Crawled caption data

◆ ◆ ◆ ◆

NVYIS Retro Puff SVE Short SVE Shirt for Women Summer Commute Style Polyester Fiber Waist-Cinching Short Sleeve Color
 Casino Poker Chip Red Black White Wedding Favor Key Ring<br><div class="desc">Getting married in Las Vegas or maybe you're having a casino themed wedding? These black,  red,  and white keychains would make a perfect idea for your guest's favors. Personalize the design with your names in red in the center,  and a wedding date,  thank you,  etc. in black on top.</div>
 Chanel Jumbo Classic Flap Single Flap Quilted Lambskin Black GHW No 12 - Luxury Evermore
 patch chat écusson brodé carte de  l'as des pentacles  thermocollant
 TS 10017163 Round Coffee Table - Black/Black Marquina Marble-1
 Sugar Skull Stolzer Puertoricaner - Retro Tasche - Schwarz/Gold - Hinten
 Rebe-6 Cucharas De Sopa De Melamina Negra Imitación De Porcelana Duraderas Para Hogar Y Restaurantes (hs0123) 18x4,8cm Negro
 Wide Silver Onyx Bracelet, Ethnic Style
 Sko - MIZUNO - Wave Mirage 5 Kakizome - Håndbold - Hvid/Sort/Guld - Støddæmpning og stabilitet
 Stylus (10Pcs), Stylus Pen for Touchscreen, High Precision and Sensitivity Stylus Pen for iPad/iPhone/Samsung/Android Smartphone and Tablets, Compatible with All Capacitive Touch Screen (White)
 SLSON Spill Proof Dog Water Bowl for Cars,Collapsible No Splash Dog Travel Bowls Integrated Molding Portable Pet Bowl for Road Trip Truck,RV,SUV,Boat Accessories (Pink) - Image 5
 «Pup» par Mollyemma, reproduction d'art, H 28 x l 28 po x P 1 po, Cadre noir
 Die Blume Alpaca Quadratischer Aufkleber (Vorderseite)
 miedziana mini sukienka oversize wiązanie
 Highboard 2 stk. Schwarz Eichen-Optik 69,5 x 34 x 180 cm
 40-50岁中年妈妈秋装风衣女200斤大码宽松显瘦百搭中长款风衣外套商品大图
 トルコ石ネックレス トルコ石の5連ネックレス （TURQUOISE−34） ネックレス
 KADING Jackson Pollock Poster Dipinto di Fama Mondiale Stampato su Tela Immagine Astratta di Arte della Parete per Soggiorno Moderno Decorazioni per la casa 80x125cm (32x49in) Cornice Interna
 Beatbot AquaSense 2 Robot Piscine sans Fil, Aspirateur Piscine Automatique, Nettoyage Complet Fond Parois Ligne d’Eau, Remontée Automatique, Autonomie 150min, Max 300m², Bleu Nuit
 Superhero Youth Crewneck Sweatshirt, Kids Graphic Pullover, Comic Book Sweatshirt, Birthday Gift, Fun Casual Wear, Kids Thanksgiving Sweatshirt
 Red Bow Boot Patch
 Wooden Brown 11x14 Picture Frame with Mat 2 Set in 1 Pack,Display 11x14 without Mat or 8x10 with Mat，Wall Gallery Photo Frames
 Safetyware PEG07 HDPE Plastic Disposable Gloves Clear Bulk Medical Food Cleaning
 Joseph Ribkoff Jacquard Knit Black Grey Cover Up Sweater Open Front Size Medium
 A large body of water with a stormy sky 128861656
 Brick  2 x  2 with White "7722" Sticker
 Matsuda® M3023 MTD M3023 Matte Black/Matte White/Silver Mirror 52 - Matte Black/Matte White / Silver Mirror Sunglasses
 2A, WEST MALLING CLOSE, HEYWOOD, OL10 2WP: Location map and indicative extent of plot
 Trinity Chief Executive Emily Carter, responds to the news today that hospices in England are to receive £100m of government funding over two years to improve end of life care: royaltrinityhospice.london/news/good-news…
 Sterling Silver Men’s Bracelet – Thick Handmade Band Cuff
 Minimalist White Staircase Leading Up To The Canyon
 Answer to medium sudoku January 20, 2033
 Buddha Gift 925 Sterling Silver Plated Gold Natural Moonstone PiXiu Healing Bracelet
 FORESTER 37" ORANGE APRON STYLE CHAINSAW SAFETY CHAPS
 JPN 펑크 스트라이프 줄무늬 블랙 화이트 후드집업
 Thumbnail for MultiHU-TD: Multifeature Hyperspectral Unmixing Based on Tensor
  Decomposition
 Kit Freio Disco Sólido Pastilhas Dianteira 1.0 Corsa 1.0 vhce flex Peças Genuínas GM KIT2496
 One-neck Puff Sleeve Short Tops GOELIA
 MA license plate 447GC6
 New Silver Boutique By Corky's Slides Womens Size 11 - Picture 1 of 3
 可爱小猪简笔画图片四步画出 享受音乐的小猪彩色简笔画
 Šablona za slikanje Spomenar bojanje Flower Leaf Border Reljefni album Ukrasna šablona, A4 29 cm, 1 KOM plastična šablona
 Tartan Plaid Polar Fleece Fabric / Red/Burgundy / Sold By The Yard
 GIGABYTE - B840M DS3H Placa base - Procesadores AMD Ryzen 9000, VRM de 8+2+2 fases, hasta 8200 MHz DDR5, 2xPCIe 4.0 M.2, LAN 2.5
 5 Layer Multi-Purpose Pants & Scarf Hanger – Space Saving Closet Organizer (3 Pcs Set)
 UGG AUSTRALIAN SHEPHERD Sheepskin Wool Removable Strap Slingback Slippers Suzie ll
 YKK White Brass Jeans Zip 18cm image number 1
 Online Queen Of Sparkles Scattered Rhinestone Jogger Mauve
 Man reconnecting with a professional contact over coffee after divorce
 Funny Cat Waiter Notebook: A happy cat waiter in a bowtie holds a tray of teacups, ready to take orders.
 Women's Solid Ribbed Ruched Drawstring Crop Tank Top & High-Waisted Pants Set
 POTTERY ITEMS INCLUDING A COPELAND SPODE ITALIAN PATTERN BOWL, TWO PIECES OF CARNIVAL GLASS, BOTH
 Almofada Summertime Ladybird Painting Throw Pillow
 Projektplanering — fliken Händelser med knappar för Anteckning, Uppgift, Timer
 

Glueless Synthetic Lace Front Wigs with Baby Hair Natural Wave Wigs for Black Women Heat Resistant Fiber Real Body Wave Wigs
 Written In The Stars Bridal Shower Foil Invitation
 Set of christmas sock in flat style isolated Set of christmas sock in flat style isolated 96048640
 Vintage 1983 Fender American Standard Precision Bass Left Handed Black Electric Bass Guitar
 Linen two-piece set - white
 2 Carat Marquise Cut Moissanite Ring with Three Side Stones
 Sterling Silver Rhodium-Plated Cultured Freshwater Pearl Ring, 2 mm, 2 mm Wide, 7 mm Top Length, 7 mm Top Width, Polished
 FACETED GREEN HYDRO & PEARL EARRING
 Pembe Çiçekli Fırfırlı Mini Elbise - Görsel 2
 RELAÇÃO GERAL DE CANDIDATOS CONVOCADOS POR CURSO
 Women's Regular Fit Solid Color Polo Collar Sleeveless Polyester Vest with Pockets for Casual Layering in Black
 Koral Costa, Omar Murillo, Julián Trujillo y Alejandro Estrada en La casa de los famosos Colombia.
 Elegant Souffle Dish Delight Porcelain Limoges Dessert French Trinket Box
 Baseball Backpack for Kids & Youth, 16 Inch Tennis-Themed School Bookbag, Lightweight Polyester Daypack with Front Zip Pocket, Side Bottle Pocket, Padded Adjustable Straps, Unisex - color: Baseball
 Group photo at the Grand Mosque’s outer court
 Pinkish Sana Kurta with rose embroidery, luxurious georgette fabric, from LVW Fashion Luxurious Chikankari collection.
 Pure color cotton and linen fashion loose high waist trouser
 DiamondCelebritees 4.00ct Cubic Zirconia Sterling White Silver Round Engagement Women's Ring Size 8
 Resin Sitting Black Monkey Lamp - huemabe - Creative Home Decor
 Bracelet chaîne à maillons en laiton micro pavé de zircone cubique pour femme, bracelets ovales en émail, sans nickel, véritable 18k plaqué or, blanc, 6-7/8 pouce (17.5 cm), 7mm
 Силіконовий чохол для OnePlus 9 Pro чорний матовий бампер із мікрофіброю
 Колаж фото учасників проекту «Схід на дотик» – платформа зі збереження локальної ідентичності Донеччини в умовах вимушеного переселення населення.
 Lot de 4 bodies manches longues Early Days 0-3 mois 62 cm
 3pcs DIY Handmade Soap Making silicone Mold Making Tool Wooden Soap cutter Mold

◆ ◆ ◆ ◆

* [What the task requires]
Copy out the line holding "Group photo at" along with all lines after it through the end of the entries, exactly and only these.

* [Answer area]
 Group photo at the Grand Mosque’s outer court
 Pinkish Sana Kurta with rose embroidery, luxurious georgette fabric, from LVW Fashion Luxurious Chikankari collection.
 Pure color cotton and linen fashion loose high waist trouser
 DiamondCelebritees 4.00ct Cubic Zirconia Sterling White Silver Round Engagement Women's Ring Size 8
 Resin Sitting Black Monkey Lamp - huemabe - Creative Home Decor
 Bracelet chaîne à maillons en laiton micro pavé de zircone cubique pour femme, bracelets ovales en émail, sans nickel, véritable 18k plaqué or, blanc, 6-7/8 pouce (17.5 cm), 7mm
 Силіконовий чохол для OnePlus 9 Pro чорний матовий бампер із мікрофіброю
 Колаж фото учасників проекту «Схід на дотик» – платформа зі збереження локальної ідентичності Донеччини в умовах вимушеного переселення населення.
 Lot de 4 bodies manches longues Early Days 0-3 mois 62 cm
 3pcs DIY Handmade Soap Making silicone Mold Making Tool Wooden Soap cutter Mold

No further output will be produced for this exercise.